◆ Exercise instructions: Quote the lines below exactly, from the one that holds "Villa Indipendente in" through the final line of the records, and only those.

Excerpts from a dataset
==*==

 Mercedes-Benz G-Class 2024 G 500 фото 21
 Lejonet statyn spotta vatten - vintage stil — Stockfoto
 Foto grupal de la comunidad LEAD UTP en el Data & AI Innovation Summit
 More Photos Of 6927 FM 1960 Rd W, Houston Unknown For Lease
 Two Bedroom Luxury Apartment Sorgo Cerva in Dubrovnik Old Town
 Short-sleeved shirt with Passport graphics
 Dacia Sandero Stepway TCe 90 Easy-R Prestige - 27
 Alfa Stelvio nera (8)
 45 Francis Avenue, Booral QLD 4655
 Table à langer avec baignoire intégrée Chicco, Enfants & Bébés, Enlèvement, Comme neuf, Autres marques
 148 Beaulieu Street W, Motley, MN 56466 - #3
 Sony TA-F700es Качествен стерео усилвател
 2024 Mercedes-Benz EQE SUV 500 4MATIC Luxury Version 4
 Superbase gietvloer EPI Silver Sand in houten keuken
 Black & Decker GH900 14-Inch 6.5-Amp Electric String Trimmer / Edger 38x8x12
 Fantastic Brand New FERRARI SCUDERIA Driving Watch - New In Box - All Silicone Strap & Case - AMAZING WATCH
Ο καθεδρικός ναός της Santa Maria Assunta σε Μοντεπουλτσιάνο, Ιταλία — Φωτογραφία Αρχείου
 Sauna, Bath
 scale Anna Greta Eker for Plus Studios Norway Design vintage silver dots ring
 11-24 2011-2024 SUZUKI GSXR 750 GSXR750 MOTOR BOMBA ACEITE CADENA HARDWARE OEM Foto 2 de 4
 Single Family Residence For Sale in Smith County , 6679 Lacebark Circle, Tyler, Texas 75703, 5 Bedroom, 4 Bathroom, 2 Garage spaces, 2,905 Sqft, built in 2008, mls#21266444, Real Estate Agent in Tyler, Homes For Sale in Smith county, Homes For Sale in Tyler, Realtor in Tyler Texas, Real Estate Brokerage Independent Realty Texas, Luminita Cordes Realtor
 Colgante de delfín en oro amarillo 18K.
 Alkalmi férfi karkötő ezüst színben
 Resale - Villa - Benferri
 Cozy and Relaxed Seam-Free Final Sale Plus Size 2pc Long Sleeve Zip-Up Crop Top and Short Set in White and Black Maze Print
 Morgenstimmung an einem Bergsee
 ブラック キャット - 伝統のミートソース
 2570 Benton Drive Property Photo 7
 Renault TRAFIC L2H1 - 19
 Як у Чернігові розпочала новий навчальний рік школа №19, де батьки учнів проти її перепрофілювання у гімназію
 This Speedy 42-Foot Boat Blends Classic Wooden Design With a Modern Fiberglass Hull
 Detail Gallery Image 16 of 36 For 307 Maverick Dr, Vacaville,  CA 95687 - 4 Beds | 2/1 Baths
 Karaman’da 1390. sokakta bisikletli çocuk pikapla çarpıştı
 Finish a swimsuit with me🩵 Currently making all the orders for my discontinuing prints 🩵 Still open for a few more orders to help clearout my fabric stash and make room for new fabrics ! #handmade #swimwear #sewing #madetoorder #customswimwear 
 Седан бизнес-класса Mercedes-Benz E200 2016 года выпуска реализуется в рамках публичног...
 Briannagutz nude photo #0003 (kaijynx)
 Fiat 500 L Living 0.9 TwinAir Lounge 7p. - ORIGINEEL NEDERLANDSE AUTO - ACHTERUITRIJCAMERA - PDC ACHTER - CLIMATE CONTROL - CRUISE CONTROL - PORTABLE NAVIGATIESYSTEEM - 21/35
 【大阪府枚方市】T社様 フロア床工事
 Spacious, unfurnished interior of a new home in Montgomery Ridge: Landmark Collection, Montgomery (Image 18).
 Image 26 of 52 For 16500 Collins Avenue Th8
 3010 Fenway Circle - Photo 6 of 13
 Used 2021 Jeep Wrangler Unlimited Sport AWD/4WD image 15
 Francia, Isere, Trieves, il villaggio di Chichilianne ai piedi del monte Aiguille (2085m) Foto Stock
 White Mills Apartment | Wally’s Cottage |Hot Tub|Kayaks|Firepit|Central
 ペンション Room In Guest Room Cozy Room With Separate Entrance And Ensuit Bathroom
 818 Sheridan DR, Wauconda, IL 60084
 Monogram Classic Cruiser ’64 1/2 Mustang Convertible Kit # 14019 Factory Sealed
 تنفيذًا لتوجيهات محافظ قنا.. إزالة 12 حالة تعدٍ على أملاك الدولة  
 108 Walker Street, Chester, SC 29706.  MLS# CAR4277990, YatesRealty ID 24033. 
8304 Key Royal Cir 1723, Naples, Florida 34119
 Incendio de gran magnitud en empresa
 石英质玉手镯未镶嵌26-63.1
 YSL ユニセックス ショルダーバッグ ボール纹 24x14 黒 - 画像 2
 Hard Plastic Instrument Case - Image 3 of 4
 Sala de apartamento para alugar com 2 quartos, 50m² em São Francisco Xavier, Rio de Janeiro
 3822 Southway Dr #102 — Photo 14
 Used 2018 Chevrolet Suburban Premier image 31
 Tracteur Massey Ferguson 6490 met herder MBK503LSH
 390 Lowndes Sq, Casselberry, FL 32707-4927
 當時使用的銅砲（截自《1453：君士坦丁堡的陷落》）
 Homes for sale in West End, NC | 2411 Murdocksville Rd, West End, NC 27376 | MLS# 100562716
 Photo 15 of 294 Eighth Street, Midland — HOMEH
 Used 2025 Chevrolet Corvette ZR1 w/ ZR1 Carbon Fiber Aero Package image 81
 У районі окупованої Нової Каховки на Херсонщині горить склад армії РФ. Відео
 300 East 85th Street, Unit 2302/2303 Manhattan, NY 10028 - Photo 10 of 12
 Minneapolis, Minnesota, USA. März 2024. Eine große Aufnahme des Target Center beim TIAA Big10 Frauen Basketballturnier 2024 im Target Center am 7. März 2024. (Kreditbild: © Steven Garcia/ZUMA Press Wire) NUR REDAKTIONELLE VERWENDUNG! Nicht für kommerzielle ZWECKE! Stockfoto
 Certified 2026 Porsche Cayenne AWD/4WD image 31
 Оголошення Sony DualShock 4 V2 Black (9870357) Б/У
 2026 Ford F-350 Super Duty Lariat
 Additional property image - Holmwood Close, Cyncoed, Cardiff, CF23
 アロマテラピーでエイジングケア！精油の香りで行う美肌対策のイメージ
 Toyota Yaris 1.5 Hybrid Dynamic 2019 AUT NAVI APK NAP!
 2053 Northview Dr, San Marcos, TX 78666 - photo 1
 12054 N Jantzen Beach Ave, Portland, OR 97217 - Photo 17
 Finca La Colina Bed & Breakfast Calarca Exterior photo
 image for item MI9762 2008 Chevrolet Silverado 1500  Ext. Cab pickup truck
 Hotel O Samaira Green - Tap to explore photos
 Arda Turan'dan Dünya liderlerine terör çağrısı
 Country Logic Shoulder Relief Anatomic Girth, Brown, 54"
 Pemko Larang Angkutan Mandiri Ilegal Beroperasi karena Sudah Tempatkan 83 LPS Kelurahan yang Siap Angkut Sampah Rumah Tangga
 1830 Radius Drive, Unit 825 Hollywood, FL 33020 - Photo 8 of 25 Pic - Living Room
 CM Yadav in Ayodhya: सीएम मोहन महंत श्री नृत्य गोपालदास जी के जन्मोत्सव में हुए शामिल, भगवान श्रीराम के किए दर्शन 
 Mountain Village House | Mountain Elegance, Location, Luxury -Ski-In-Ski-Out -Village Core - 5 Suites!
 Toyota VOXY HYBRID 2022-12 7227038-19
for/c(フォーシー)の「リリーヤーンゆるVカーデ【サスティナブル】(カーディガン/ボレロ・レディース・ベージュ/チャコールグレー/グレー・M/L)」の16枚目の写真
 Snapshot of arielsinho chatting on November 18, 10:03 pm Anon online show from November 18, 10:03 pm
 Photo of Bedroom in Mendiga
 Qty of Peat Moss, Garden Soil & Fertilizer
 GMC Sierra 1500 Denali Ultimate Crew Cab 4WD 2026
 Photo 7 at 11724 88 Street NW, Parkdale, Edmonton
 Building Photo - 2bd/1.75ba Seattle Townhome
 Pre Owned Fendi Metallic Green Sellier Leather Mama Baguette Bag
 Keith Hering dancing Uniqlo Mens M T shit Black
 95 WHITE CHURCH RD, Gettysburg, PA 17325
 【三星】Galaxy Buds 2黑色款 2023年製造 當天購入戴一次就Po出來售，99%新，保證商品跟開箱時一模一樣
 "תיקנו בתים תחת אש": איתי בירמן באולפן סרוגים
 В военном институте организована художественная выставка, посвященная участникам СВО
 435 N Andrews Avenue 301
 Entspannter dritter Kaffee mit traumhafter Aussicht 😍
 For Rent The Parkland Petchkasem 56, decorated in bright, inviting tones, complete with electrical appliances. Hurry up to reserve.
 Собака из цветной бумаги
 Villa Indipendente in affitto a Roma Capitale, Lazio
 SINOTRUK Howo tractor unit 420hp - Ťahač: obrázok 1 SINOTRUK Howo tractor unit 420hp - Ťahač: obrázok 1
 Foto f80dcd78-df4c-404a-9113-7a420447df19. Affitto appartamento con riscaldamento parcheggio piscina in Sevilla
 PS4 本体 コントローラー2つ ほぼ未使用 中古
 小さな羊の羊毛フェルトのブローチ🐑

==*==

◆ Answer:
 Villa Indipendente in affitto a Roma Capitale, Lazio
 SINOTRUK Howo tractor unit 420hp - Ťahač: obrázok 1 SINOTRUK Howo tractor unit 420hp - Ťahač: obrázok 1
 Foto f80dcd78-df4c-404a-9113-7a420447df19. Affitto appartamento con riscaldamento parcheggio piscina in Sevilla
 PS4 本体 コントローラー2つ ほぼ未使用 中古
 小さな羊の羊毛フェルトのブローチ🐑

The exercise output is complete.